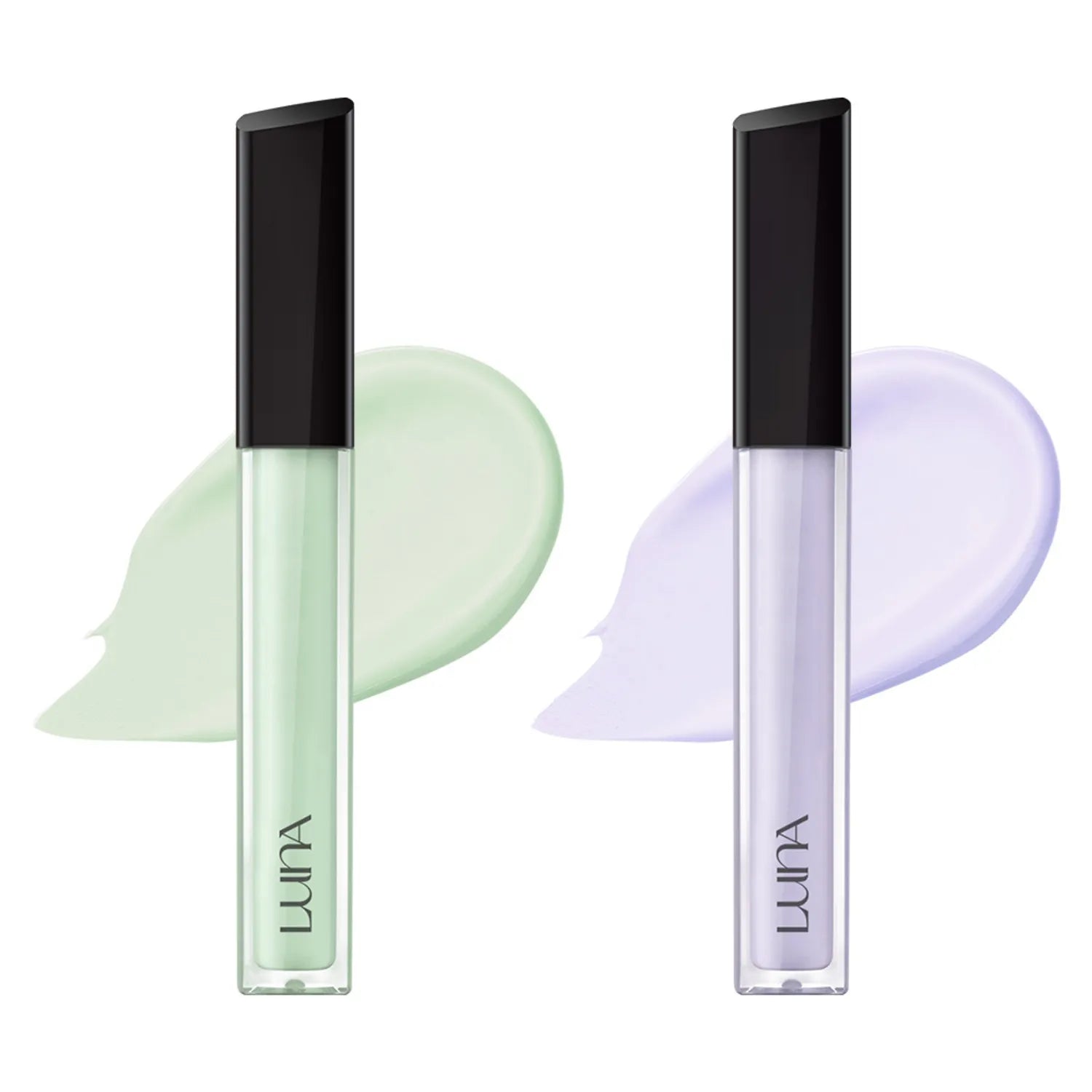 LUNA Long Lasting Corrector 3 Colors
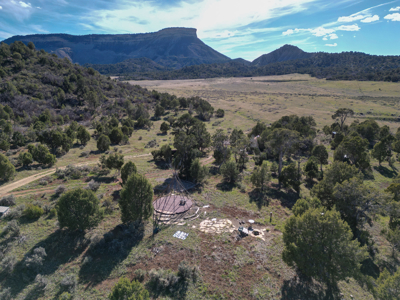 Build Your Dream Mountain Home Bordering Mesa Verde National Park - image 4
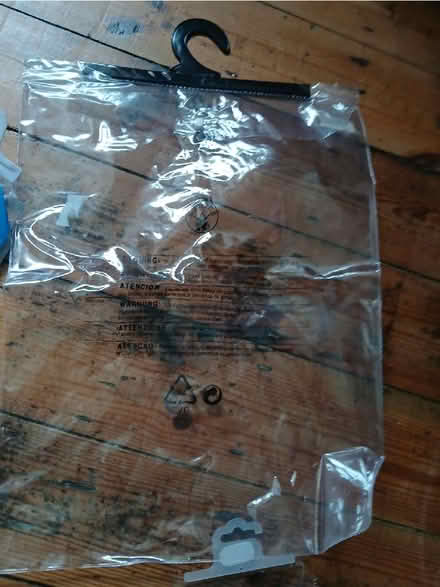 Photo of free Resealable Plastic Bags (Saltaire BD18) #3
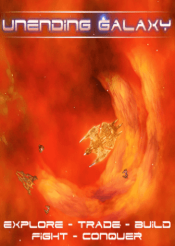 Unending Galaxy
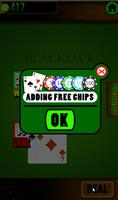 پوستر Blackjack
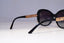 BVLGARI Womens Diamante Designer Sunglasses Black Butterfly 8199 501/8G 19576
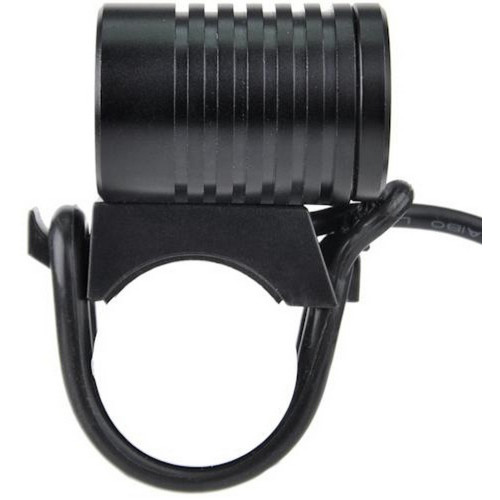 Priekšējais lukturis ProX Libra 2x Power CREE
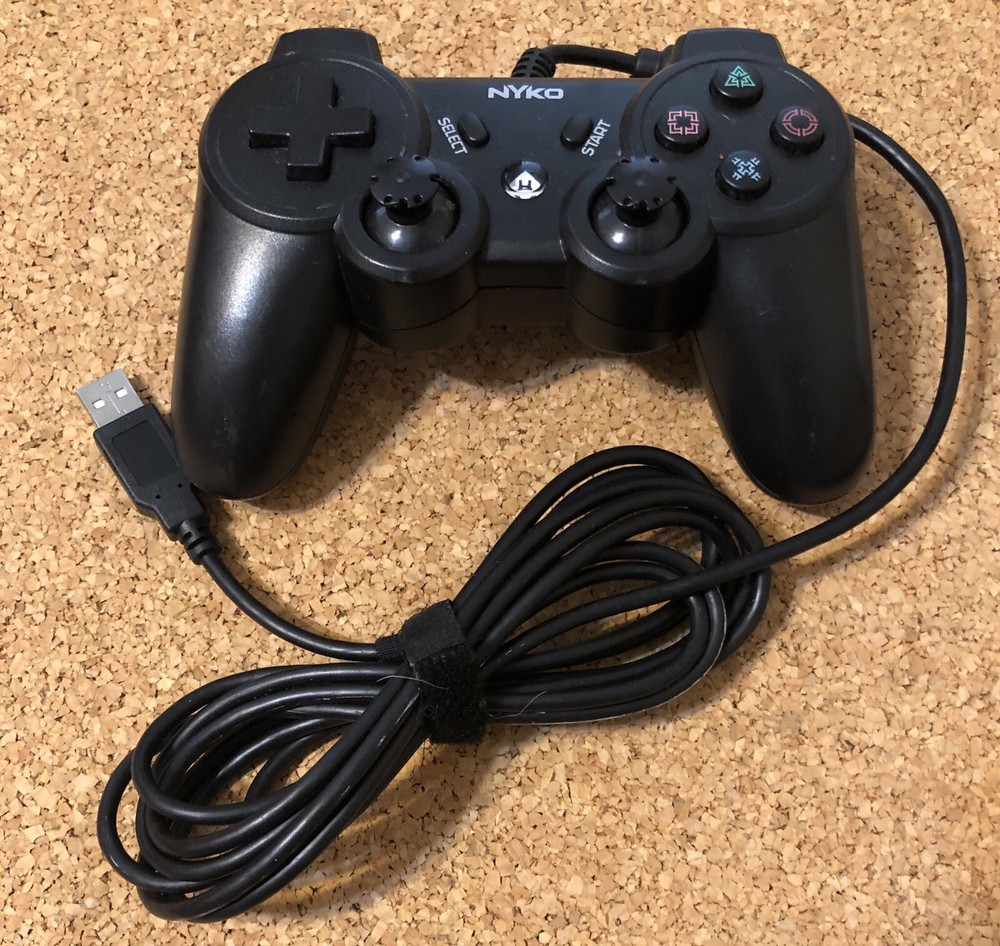 Nyko Playstation 3 83069-u18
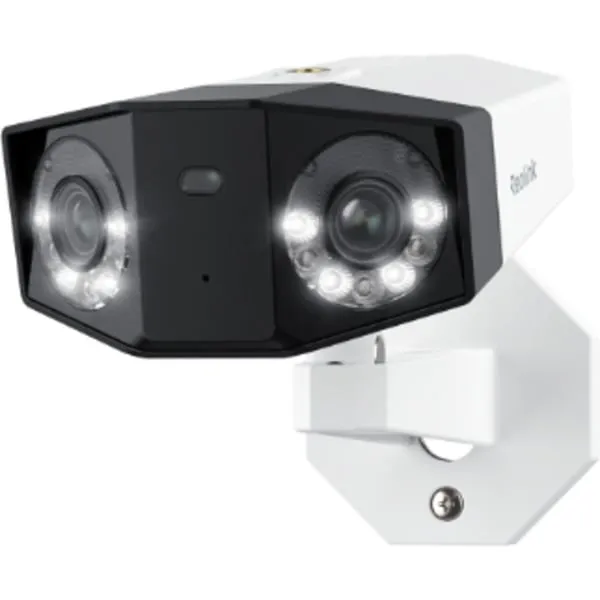 Duo Series P757, Telecamera di sorveglianza - immagine 1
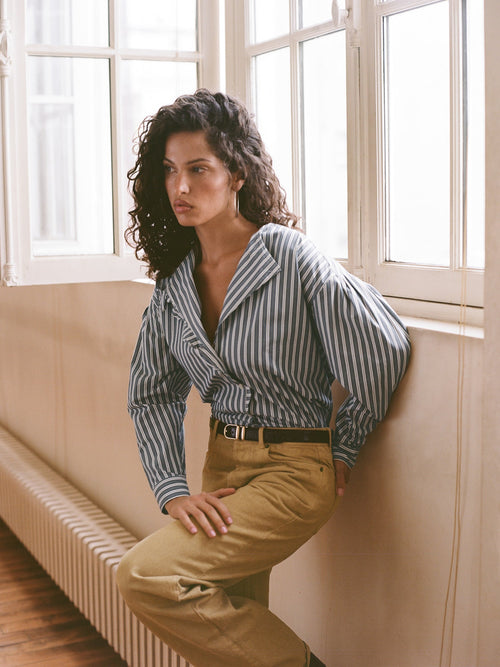 ANVERS Jeans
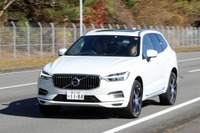 XC60 でボルボはプレミアムブランドとして飛躍する…高山正寛【カーオブザイヤー2017-18】 画像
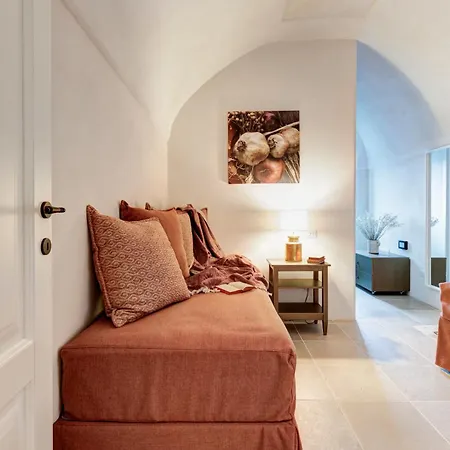 Crio - Experiences At Appartamento *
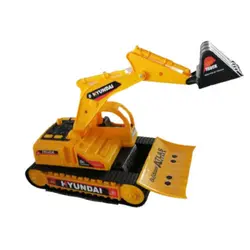 بیل زنجیری اطلس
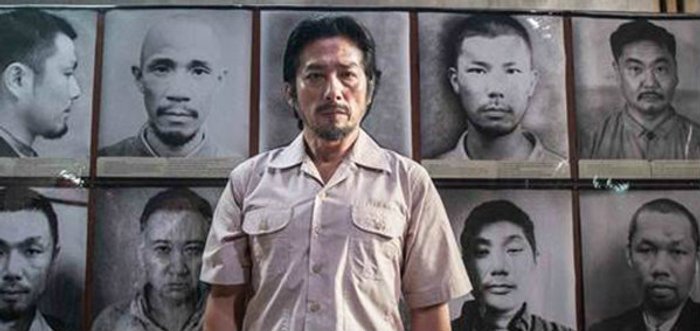 ฮิโรยูกิ ซานาดะ บุกไทยถ่าย THE RAILWAY MAN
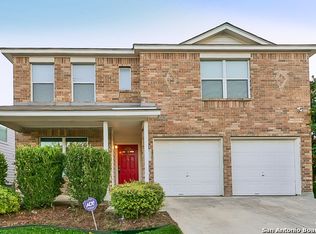 9422 Mulberry Path, San Antonio, TX 78251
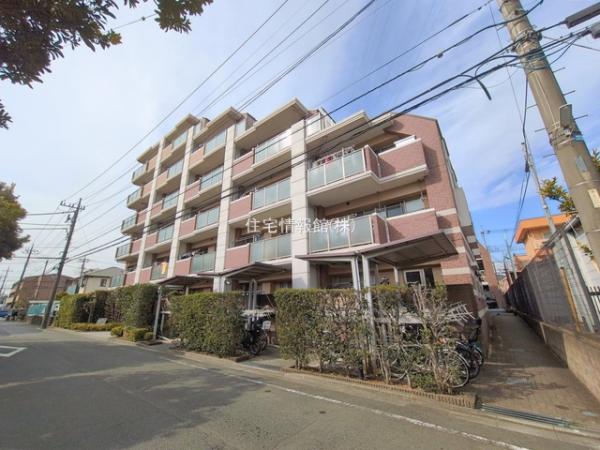 中古マンション 東京都八王子市堀之内２丁目16-4 京王相模原線京王堀之内駅 3,999万円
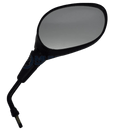 Espejo Derecho Yamaha Bws 100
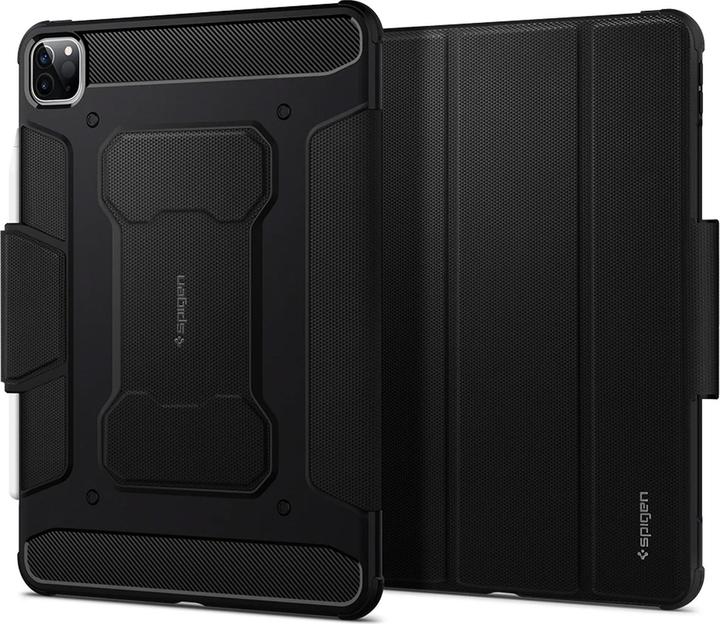Image du produit Spigen Rugged Armor Pro (iPad Pro 11 2018 (1. Gen), iPad Pro 11 2020 (2. Gen))
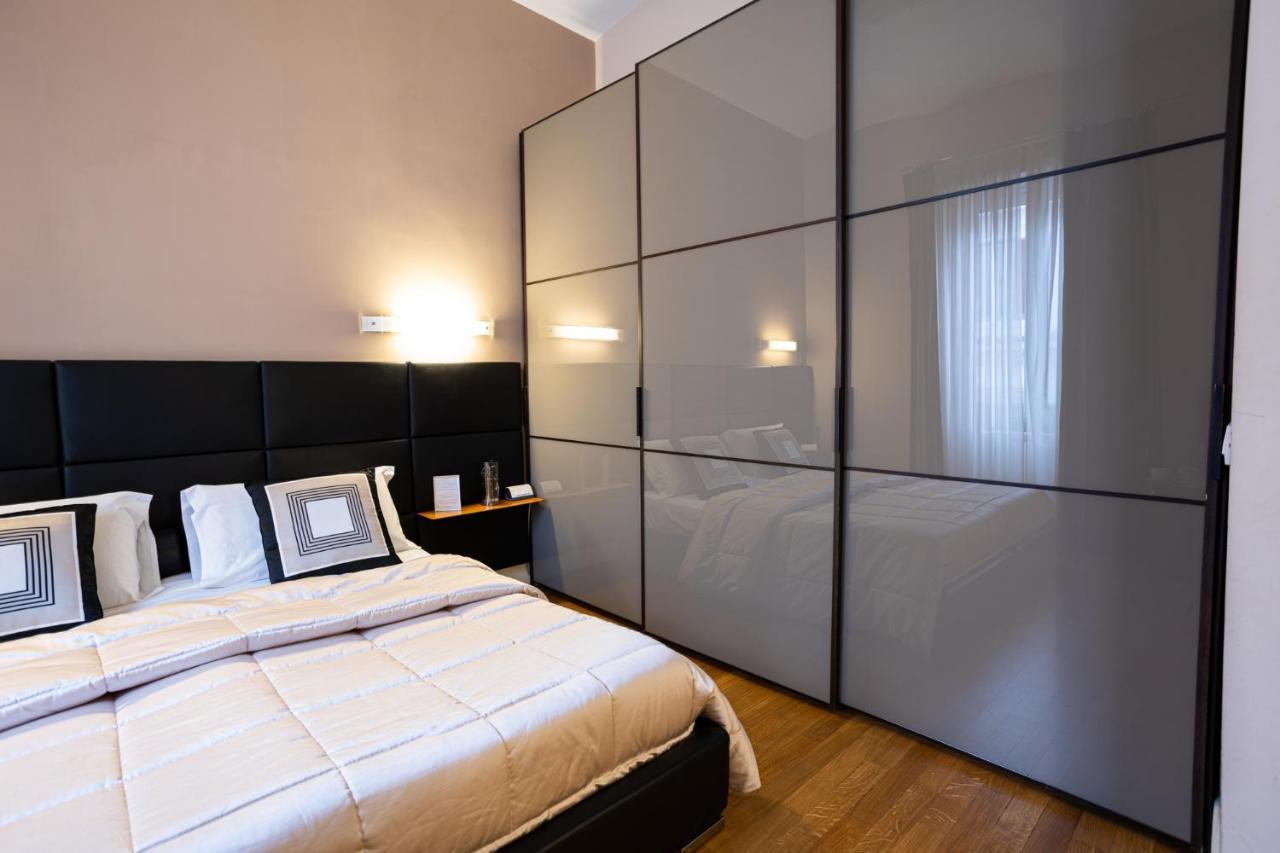 Cardilli Luxury Rooms Rome Luaran gambar
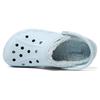 Crocs Eva Comfortable Simple Clogs Unisex Footwear Blue 205969-4JZ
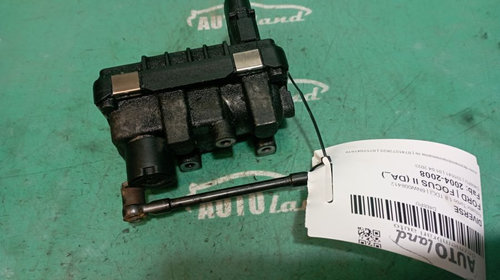 6nw008412 Actuator Turbo 1.8 TDCI Ford F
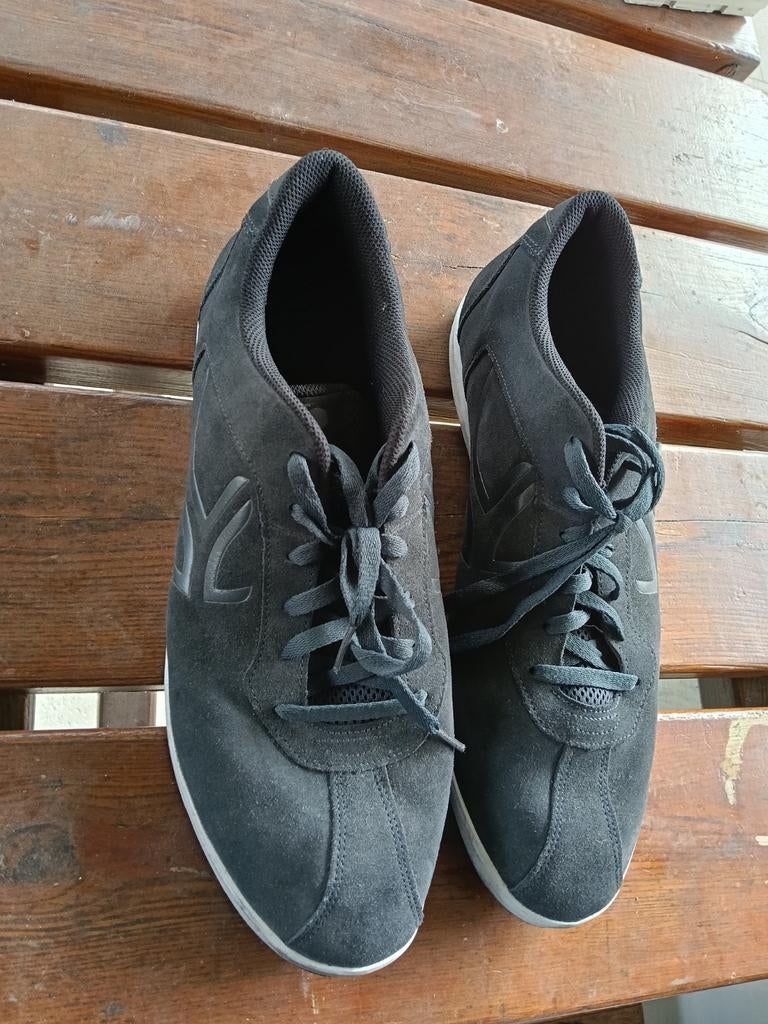 Chaussures 49,5, Ophalen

--------

:: Work task ::
From the line holding "XC60 でボルボはプレミアムブランドとして飛躍する…高山正寛【カーオブザイヤー2017-18】 画像" through the last line of the material above, each line should be written out exactly, both included; omit the pictures.

:: Expected answer ::
 XC60 でボルボはプレミアムブランドとして飛躍する…高山正寛【カーオブザイヤー2017-18】 画像
 Crio - Experiences At Appartamento *
 بیل زنجیری اطلس
 ฮิโรยูกิ ซานาดะ บุกไทยถ่าย THE RAILWAY MAN
 9422 Mulberry Path, San Antonio, TX 78251
 中古マンション 東京都八王子市堀之内２丁目16-4 京王相模原線京王堀之内駅 3,999万円
 Espejo Derecho Yamaha Bws 100
Image du produit Spigen Rugged Armor Pro (iPad Pro 11 2018 (1. Gen), iPad Pro 11 2020 (2. Gen))
 Cardilli Luxury Rooms Rome Luaran gambar
 Crocs Eva Comfortable Simple Clogs Unisex Footwear Blue 205969-4JZ
 6nw008412 Actuator Turbo 1.8 TDCI Ford F
 Chaussures 49,5, Ophalen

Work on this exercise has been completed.